TASK BRIEF: Starting with the line that holds "A hand holding" and stopping after the line that holds "Three speakers and", repeat the lines below word for word, without the pictures.

DATASET ENTRIES:
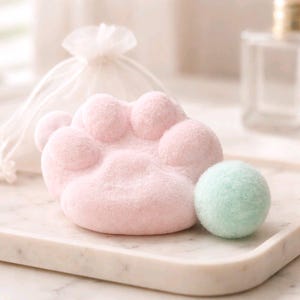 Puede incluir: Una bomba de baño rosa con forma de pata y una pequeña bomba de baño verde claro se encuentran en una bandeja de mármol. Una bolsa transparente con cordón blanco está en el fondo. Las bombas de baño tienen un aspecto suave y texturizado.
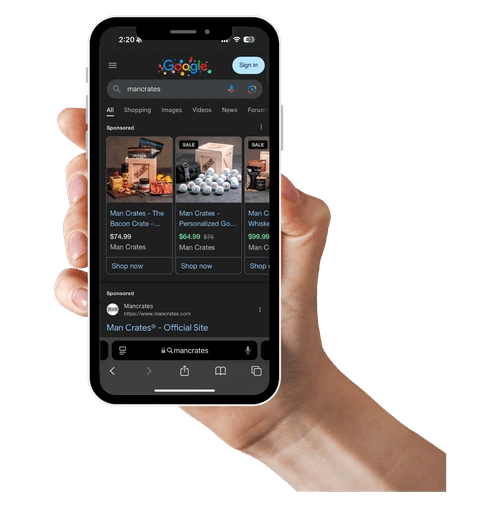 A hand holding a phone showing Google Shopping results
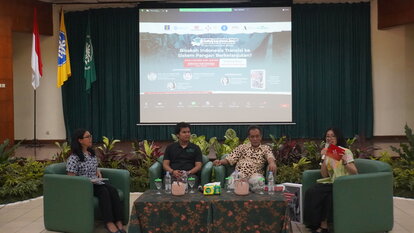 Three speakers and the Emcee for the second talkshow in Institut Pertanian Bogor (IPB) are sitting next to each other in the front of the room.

---

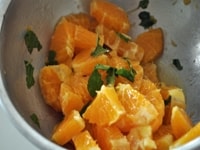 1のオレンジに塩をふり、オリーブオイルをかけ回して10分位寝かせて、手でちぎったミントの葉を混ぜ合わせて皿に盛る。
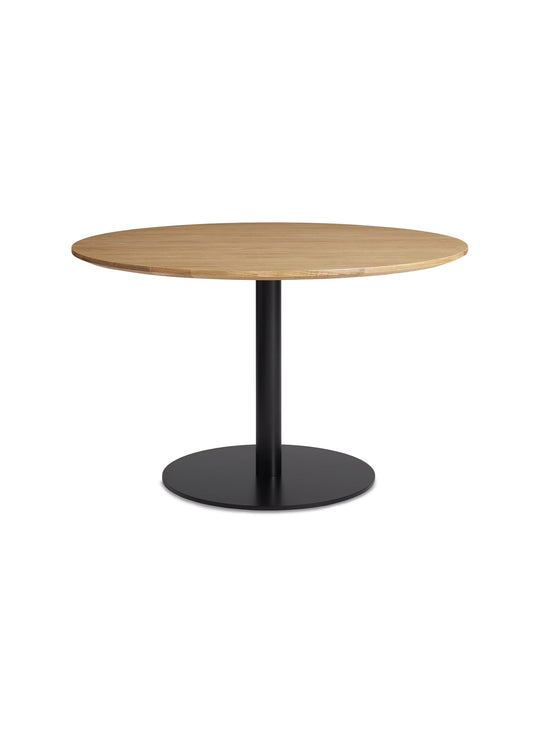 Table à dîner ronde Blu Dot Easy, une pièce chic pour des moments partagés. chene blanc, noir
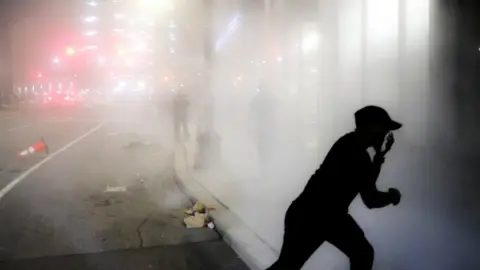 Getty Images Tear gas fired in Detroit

WRITTEN REPLY:
 A hand holding a phone showing Google Shopping results
 Three speakers and the Emcee for the second talkshow in Institut Pertanian Bogor (IPB) are sitting next to each other in the front of the room.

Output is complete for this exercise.